Prosecutor Patrick Fitzgerald steps up to the podium. "The government calls Tim Russert," he says.
And there's the man, walking to the witness stand. Or rather, limping to it. Russert is on crutches—the result of a broken ankle. He takes his seat, spells out his name, and describes his job: host of Meet the Press and Washington bureau chief for NBC News.
Fitzgerald launches into questions about a July 2003 phone call Russert received from Scooter Libby. Russert tells us that Libby called him to complain about something Chris Matthews said on his TV show, Hardball. Libby was "agitated," and his voice was "very firm and direct," Russert recounts.
"What the hell's going on with Hardball?" he asked Russert. "Damn it, I'm tired of hearing my name over and over again."
Fitzgerald asks if Russert had ever before, or since, received a call like that from a vice president's chief of staff. Russert says he has not. The call was really just a "viewer complaint." Besides, there was nothing Russert could do about Hardball, since it wasn't his show. He suggested other NBC people that Libby could complain to. And that was the end of the conversation.
Chris Matthews has written another book, is making the talk show rounds, and is trying to appeal to the left for sales before he crawls back to the right and starts sucking up again so that he can get interviews with them during the election season.
"They've finally been caught in their criminality," Matthews continued, although he did not specify the exact criminal behavior to which he referred. He then drew an obvious Bush-Nixon parallel by saying, “Spiro Agnew was not an American hero."
Matthews left the throng of Washington A-listers with a parting shot at Cheney: “God help us if we had Cheney during the Cuban missile crisis. We’d all be under a parking lot.”
Following his remarks, a few network insiders and party goers wondered what kind of effect Matthews' sharp criticism of the White House would have on Tuesday's Republican debate in Dearborn, Michigan, which Matthews co-moderates alongside CNBC's Maria Bartiromo.
"I find it hard to believe that Republican candidates will feel as if they're being given a fair shot at Tuesday's debate given the partisan pot-shots lobbed by Matthews this evening," said one attendee.
When reached, the White House declined to comment and NBC refused requests to release video of the event. The event included such NBC/MSNBC brass as NBC Senior Vice President Phil Griffin (the former "Hardball" executive producer called "Hardball" the "best show on cable television"), "Meet the Press" host Tim Russert, "Today" show executive producer Jim Bell, NBC News Specials Executive Producer Phil Alongi, "Meet the Press" Executive Producer Betsy Fischer, NBC chief foreign affairs correspondent Andrea Mitchell, MSNBC Vice President Tammy Haddad, "Hardball" correspondent David Shuster and Vice President for MSNBC Prime-Time Programming Bill Wolff.

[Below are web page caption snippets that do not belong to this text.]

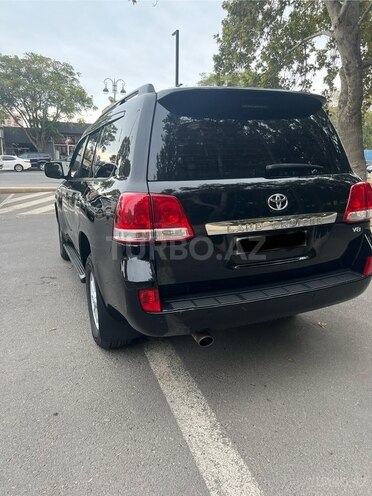 Toyota Land Cruiser 2009, 171,900 km - 4.7 l - Bakı
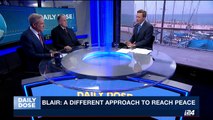 DAILY DOSE |Blair : a different approach to reach peace | Monday, March 27th 2017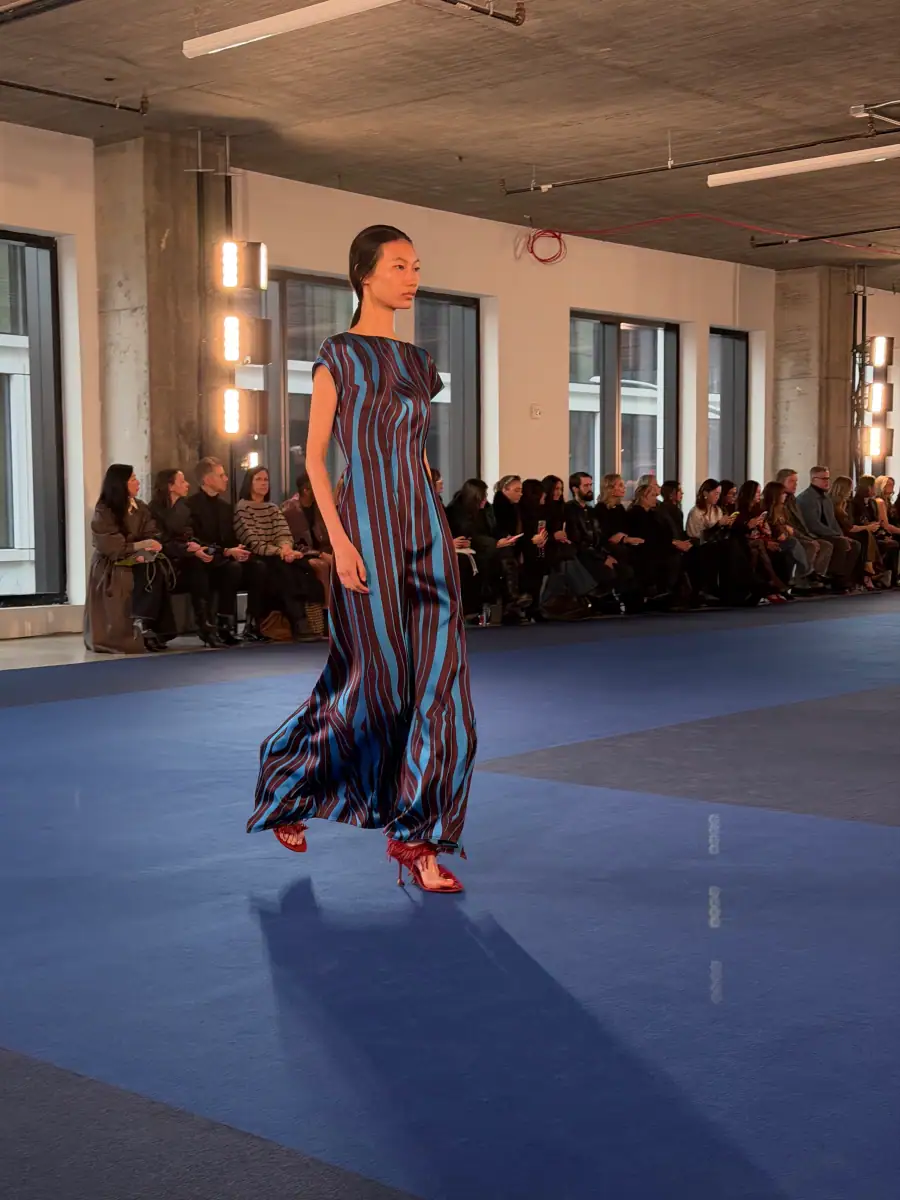 New York Fashion Week Fall 2026 Best Moments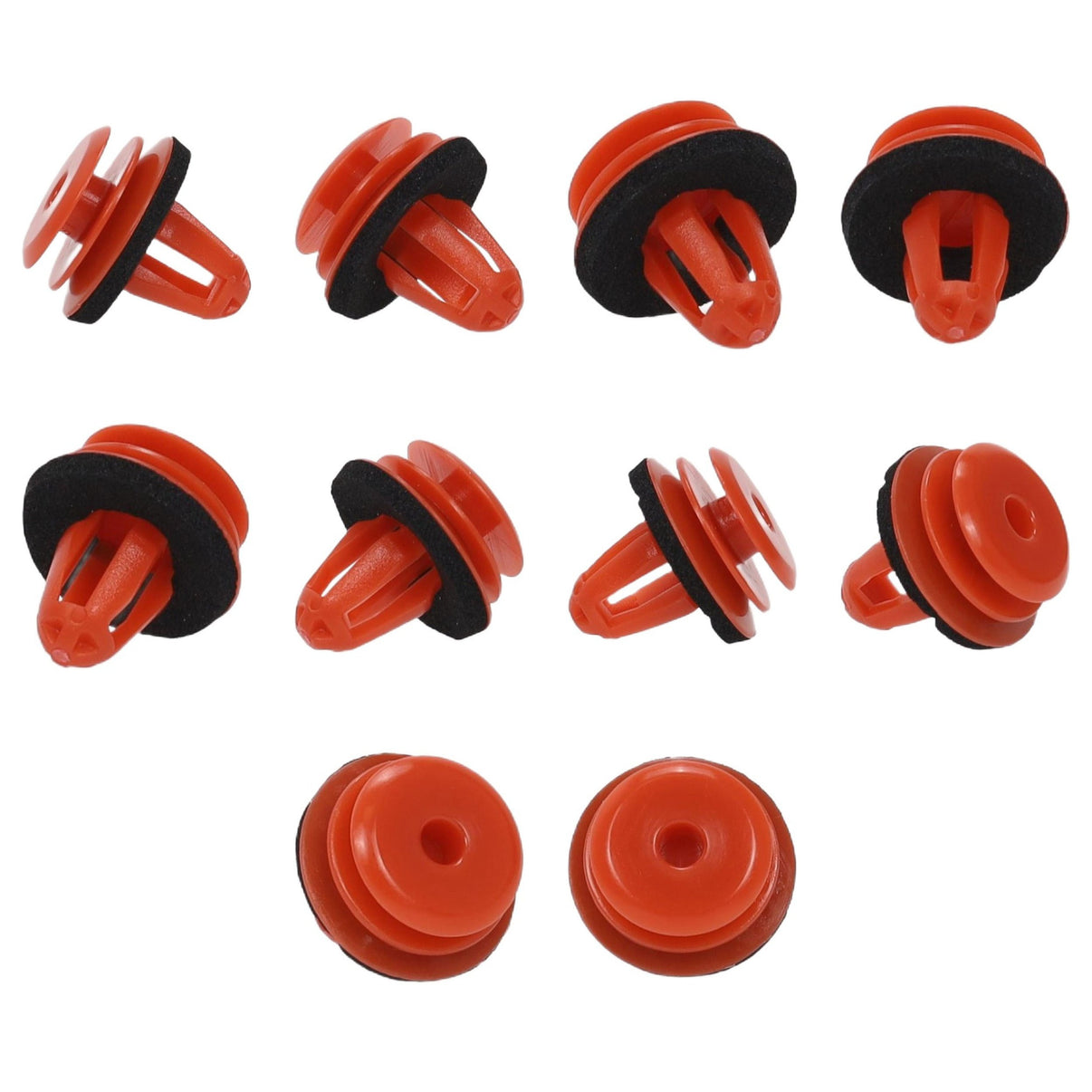 Fästclips BMW 3/3 Touring m.fl. – 10-pack – fäste Stabilt fäste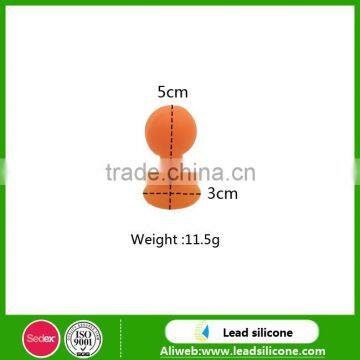 2016 Hot Sells Touch U Desktop Silicone Mobile Phone Holder Cell Phone Holder in Funny Design photo-4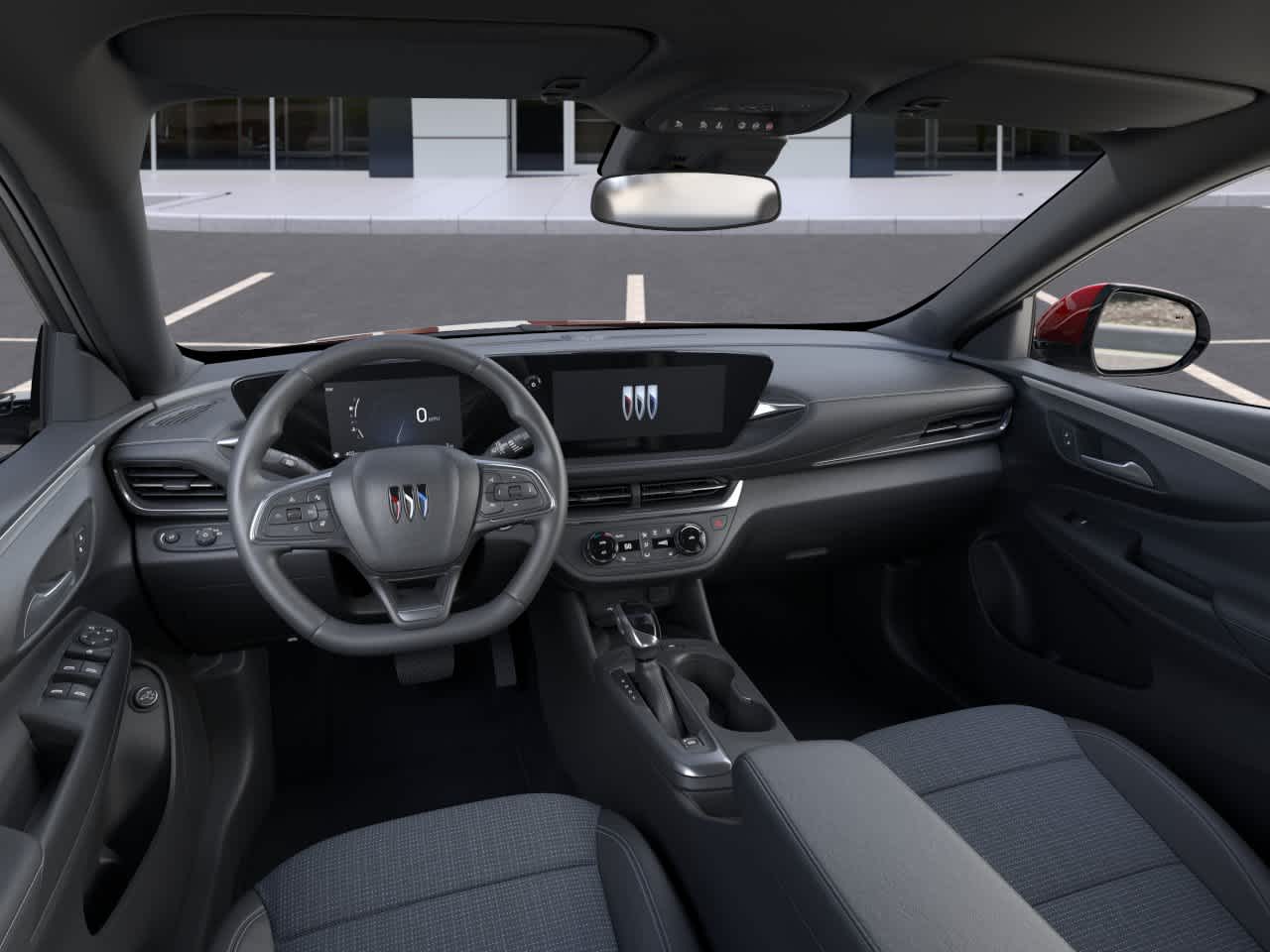New 2026 Brilliant Red Buick Preferred image 15
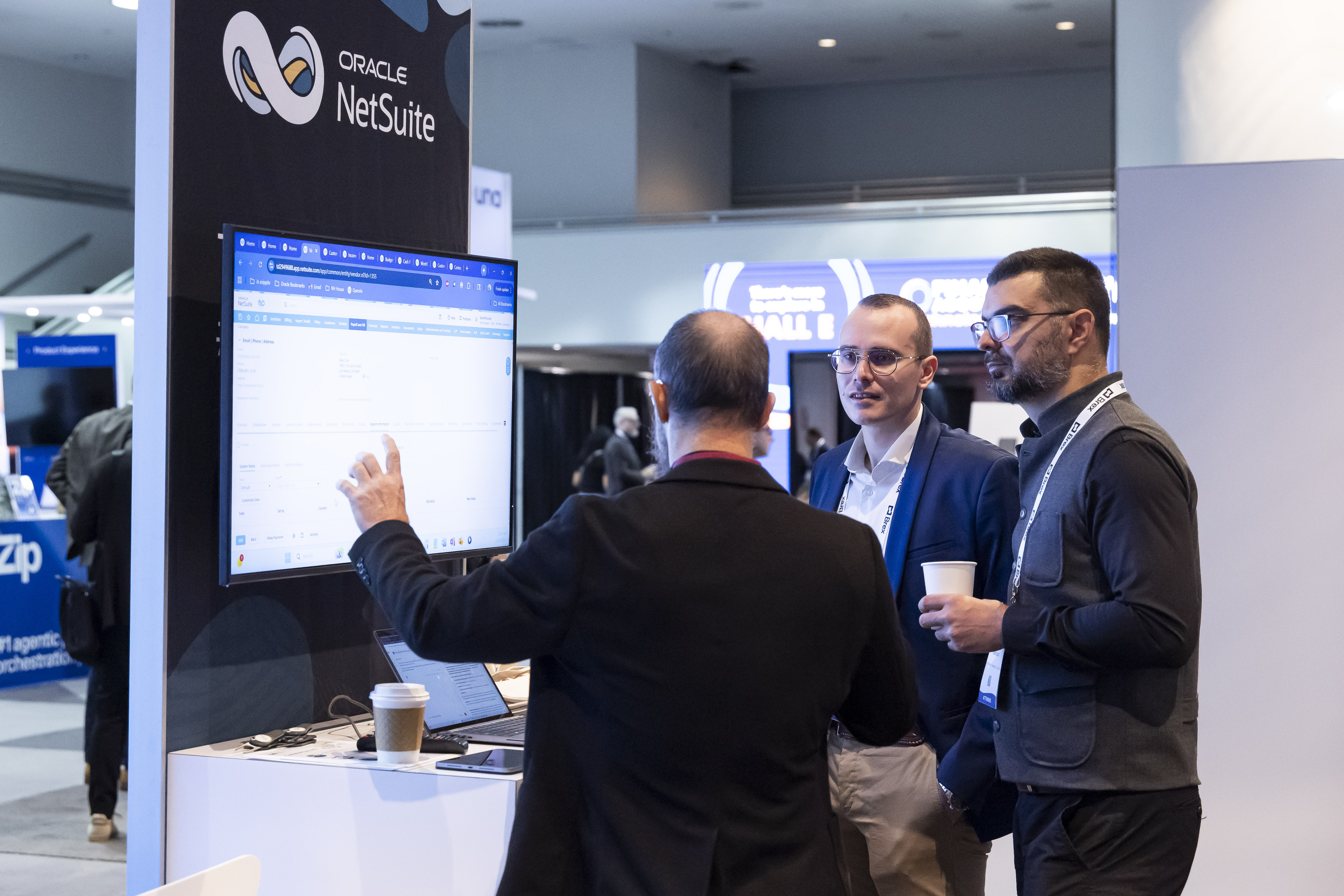 Built to Last: Oracle NetSuite and FATE Continue a Longstanding Partnership at FATE 2026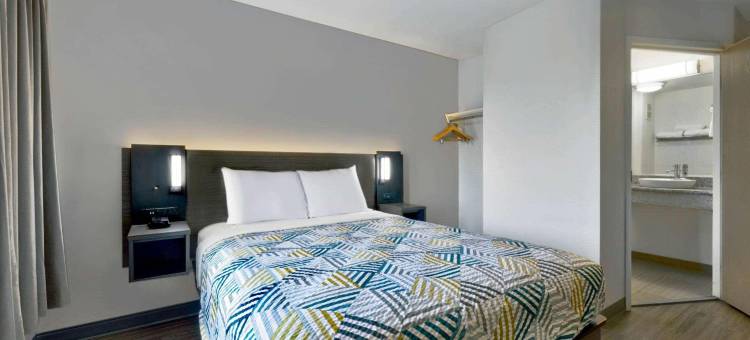 马布尔福尔斯6号汽车旅馆(Motel 6 Marble Falls, TX)图片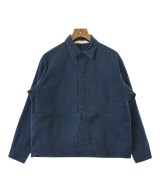 Parrott Canvas カバーオール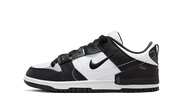Nike Dunk Low Disrupt 2 Panda biało-czarny - widok główny z boku | Saturaise.com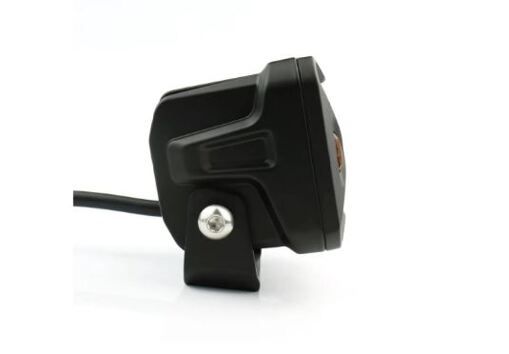 Світлодіодна фара StarLight SL-W0320S квадратна, дальнє світло WHITE + DRL 20W 1800Lm 5700K 12/24V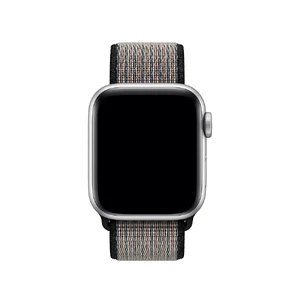 Ремешок Apple Nike Sport Loop Royal Pulse | Lava Glow (MWTV2) для Apple Watch 41mm | 40mm | 38mm - Фото 2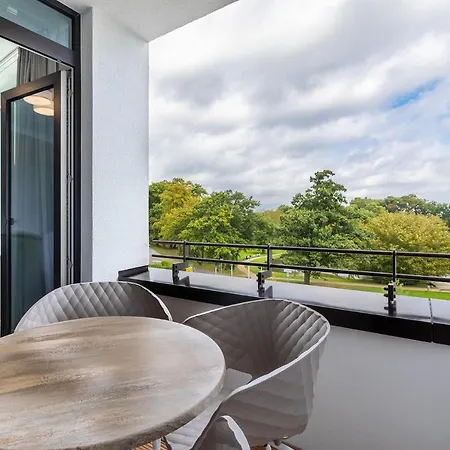 Apartment Godewindpark Travemuende Godewindpark Travemuende 3-10 Lubeck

On a side note: Matthews was overheard discussing his Tuesday appearance on "The Daily Show," which featured a heated exchange with host Jon Stewart. According to one source, Matthews was steadfast in his belief that the debate left Stewart crestfallen, and Matthews victorious.
I like to think that venues such as this one on Jon Stewart, where Matthews can't control the conversation, is causing Matthews some introspection into just how responsible he's been for the mess that is the Bush-Cheney administration, by giving Republicans an easy ride these last six years. But then I realize that he said nothing of substance at his book party, and we have no way of knowing which criminality Matthews thinks the administration has been caught in.